Daarna sprak Jahweh tot Moses: Ga naar beneden, en waarschuw het volk, de omheining niet te verbreken, om Jahweh te naderen en Hem te aanschouwen; want velen van hen zouden vallen.
22 And also the priests who draw near to Yahweh they will make themselves holy lest he should break out against them Yahweh.
Ook moeten de priesters, die tot Jahweh willen naderen, zich heiligen, anders barst de toorn van Jahweh tegen hen los.
23 And he said Moses to Yahweh not it is able the people to go up to [the] mountain of Sinai for you you warned us saying set a boundary for the mountain and you will consecrate it.
Moses gaf Jahweh ten antwoord: Het volk kan de berg Sinaï niet bestijgen; want zelf hebt Gij ons dringend bevolen, de berg te omheinen en voor heilig te houden.

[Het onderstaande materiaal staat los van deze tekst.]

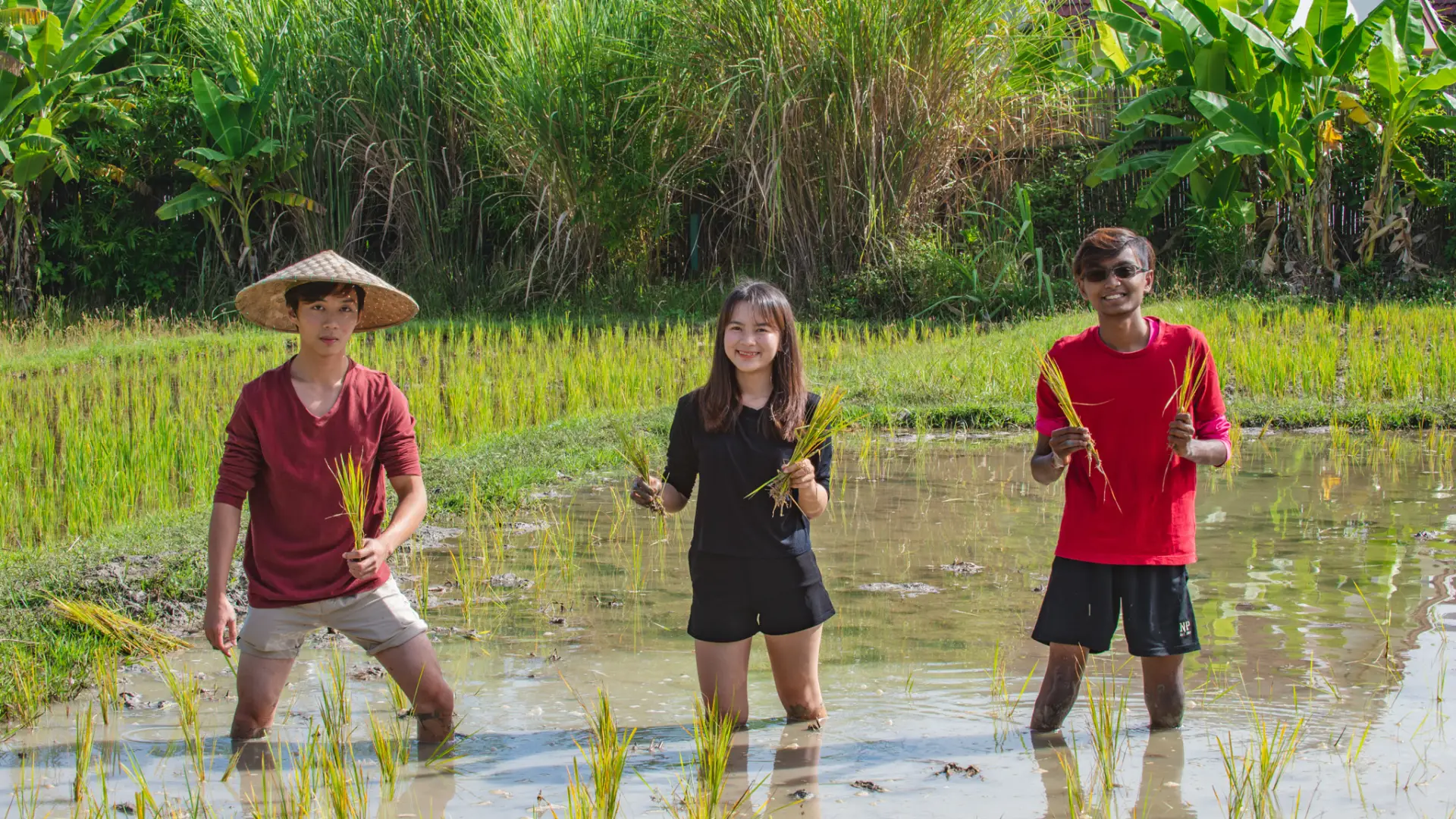 The Living Land Farm Rice Farming Experience the-living-land-farm-rice-farming-experience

24 And he said to him Yahweh go go down and you will come up you and Aaron with you and the priests and the people may not they break through to come up to Yahweh lest he should break out against them.
Maar Jahweh sprak: Ga naar beneden, en kom dan weer met Aäron en de priesters naar boven; doch laat het volk de omheining niet verbreken, om tot Jahweh op te klimmen; anders barst de toorn van Jahweh tegen hen los.
25 And he went down Moses to the people and he spoke to them.
Toen daalde Moses af naar het volk, en bracht het hun over.